Task objective: Every line of the data should be written out exactly, with the pictures left out.

Data entries
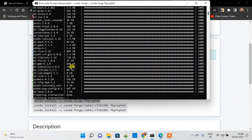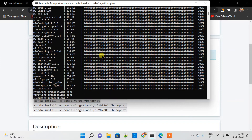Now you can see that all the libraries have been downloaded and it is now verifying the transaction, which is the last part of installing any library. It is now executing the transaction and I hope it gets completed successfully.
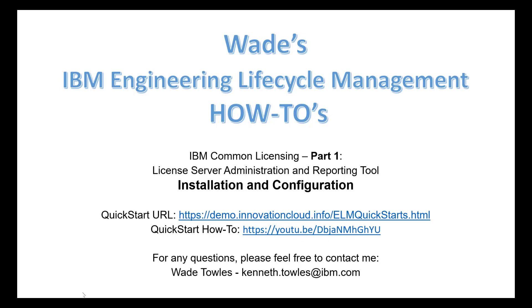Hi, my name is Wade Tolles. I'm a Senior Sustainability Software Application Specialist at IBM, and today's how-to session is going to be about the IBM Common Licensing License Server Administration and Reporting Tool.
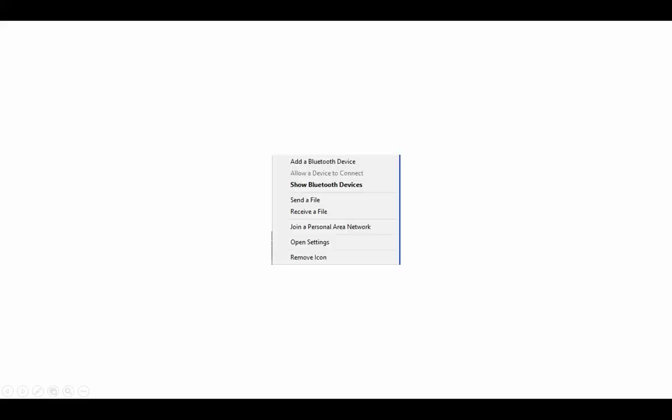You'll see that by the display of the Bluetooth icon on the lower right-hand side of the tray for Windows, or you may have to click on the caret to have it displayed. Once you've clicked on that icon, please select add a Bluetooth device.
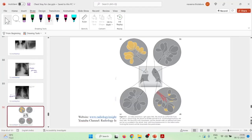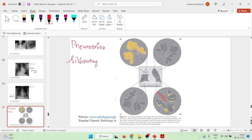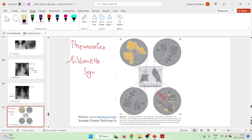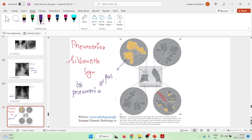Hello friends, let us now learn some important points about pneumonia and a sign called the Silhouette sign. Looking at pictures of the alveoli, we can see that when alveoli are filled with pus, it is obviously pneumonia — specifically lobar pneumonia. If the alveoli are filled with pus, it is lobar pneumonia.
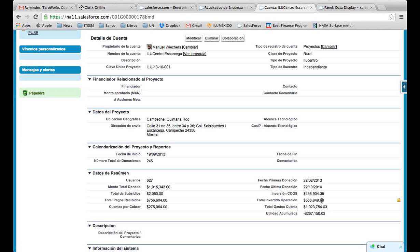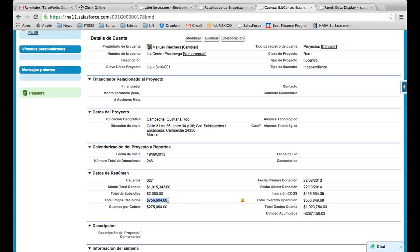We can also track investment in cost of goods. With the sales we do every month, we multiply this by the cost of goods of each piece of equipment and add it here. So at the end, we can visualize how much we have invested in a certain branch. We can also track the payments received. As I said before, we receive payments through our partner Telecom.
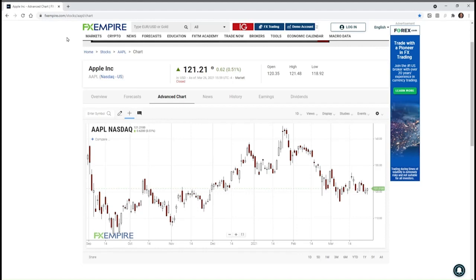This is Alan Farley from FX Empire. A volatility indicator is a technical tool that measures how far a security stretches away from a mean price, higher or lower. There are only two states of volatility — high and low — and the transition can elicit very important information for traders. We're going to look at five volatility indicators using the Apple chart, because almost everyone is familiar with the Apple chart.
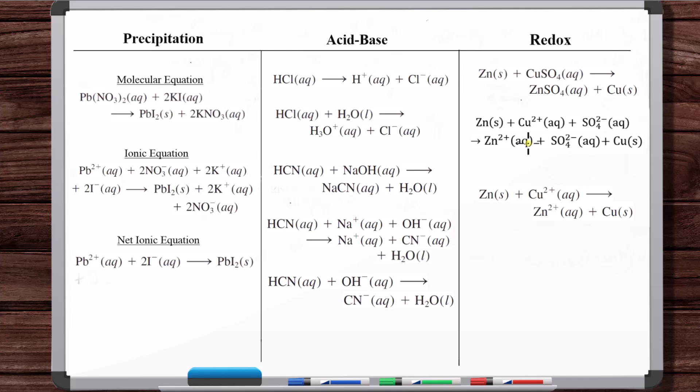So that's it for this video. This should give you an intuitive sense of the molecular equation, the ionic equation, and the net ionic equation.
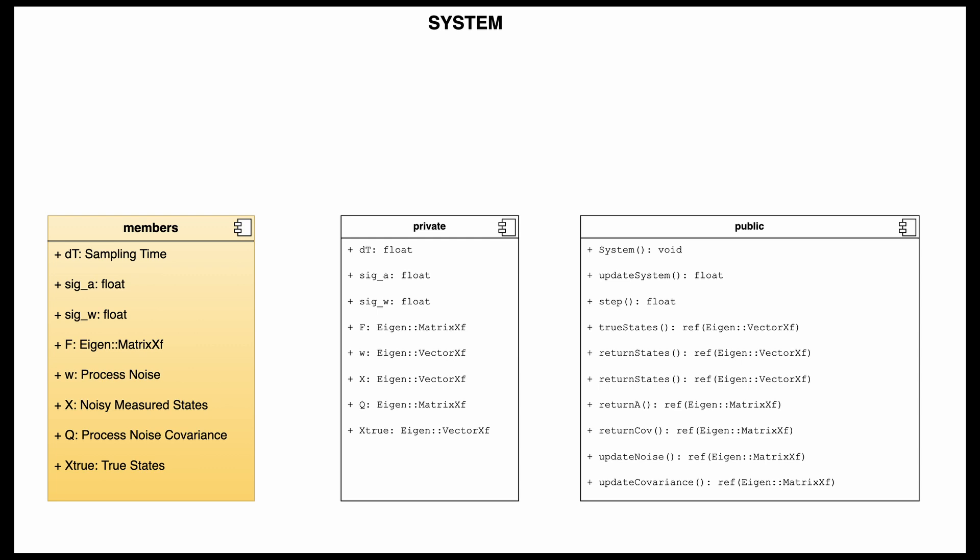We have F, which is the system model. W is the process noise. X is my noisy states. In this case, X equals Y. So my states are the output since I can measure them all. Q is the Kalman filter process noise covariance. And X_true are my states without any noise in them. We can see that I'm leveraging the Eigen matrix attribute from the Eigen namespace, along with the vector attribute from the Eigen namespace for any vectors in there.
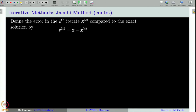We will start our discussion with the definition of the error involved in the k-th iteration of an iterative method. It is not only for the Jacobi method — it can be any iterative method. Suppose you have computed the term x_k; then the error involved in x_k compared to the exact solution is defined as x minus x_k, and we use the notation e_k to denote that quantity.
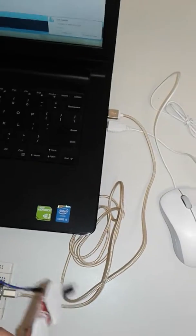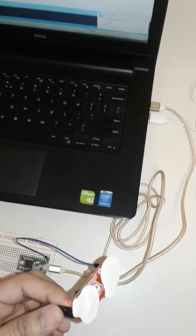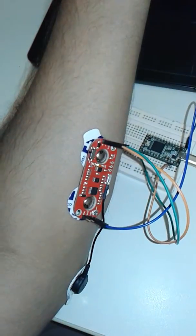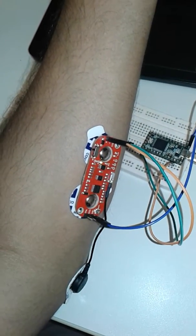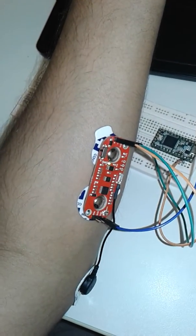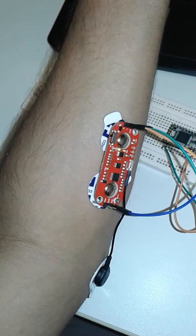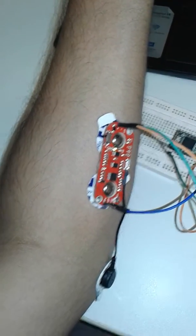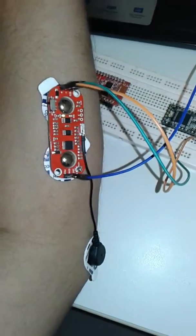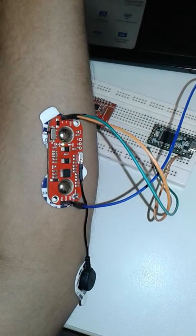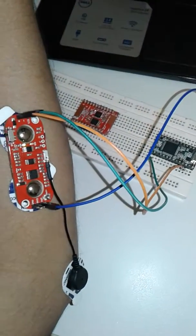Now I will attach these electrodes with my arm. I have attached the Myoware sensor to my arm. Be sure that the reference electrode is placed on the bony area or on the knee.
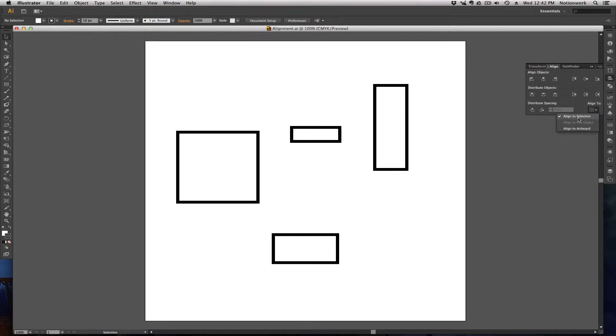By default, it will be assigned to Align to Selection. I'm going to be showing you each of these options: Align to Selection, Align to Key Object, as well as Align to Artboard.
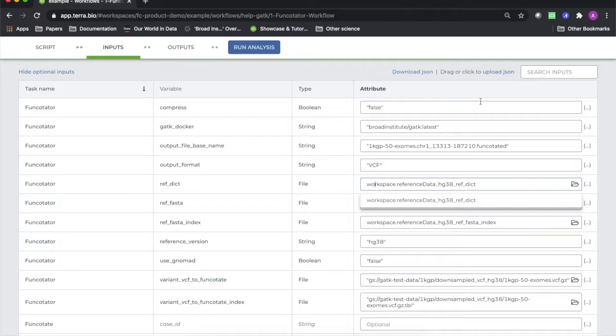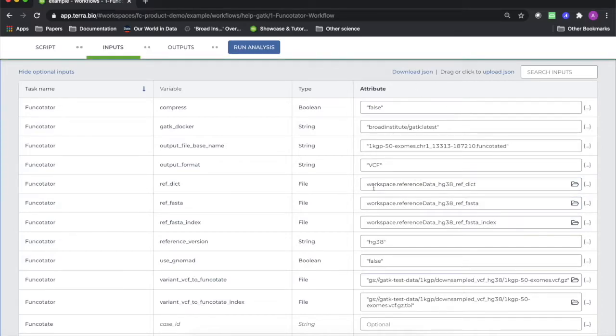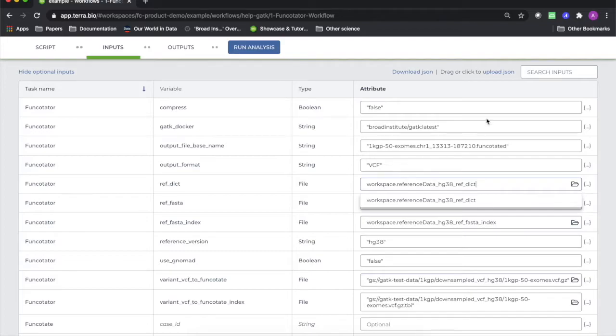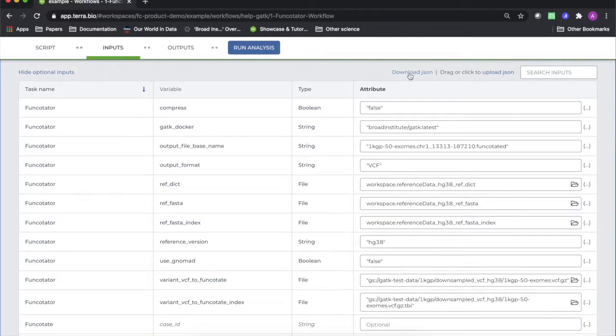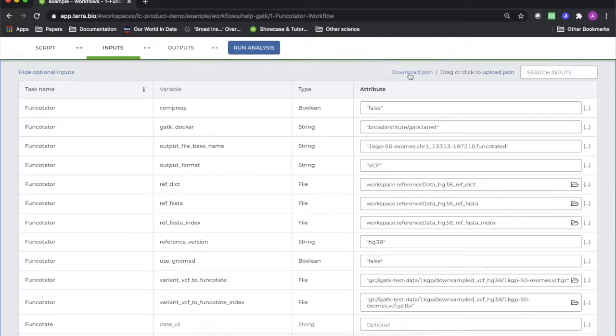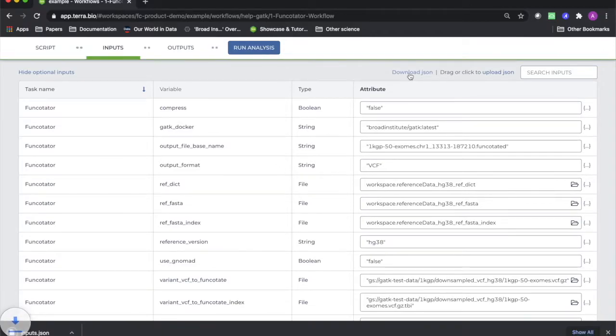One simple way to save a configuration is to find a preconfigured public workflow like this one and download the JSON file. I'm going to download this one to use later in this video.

Your solution:
Now you can see that all the libraries have been downloaded and it is now verifying the transaction, which is the last part of installing any library. It is now executing the transaction and I hope it gets completed successfully.
Hi, my name is Wade Tolles. I'm a Senior Sustainability Software Application Specialist at IBM, and today's how-to session is going to be about the IBM Common Licensing License Server Administration and Reporting Tool.
You'll see that by the display of the Bluetooth icon on the lower right-hand side of the tray for Windows, or you may have to click on the caret to have it displayed. Once you've clicked on that icon, please select add a Bluetooth device.
Hello friends, let us now learn some important points about pneumonia and a sign called the Silhouette sign. Looking at pictures of the alveoli, we can see that when alveoli are filled with pus, it is obviously pneumonia — specifically lobar pneumonia. If the alveoli are filled with pus, it is lobar pneumonia.
We can also track investment in cost of goods. With the sales we do every month, we multiply this by the cost of goods of each piece of equipment and add it here. So at the end, we can visualize how much we have invested in a certain branch. We can also track the payments received. As I said before, we receive payments through our partner Telecom.
This is Alan Farley from FX Empire. A volatility indicator is a technical tool that measures how far a security stretches away from a mean price, higher or lower. There are only two states of volatility — high and low — and the transition can elicit very important information for traders. We're going to look at five volatility indicators using the Apple chart, because almost everyone is familiar with the Apple chart.
So that's it for this video. This should give you an intuitive sense of the molecular equation, the ionic equation, and the net ionic equation.
We have F, which is the system model. W is the process noise. X is my noisy states. In this case, X equals Y. So my states are the output since I can measure them all. Q is the Kalman filter process noise covariance. And X_true are my states without any noise in them. We can see that I'm leveraging the Eigen matrix attribute from the Eigen namespace, along with the vector attribute from the Eigen namespace for any vectors in there.
We will start our discussion with the definition of the error involved in the k-th iteration of an iterative method. It is not only for the Jacobi method — it can be any iterative method. Suppose you have computed the term x_k; then the error involved in x_k compared to the exact solution is defined as x minus x_k, and we use the notation e_k to denote that quantity.
Now I will attach these electrodes with my arm. I have attached the Myoware sensor to my arm. Be sure that the reference electrode is placed on the bony area or on the knee.
By default, it will be assigned to Align to Selection. I'm going to be showing you each of these options: Align to Selection, Align to Key Object, as well as Align to Artboard.
One simple way to save a configuration is to find a preconfigured public workflow like this one and download the JSON file. I'm going to download this one to use later in this video.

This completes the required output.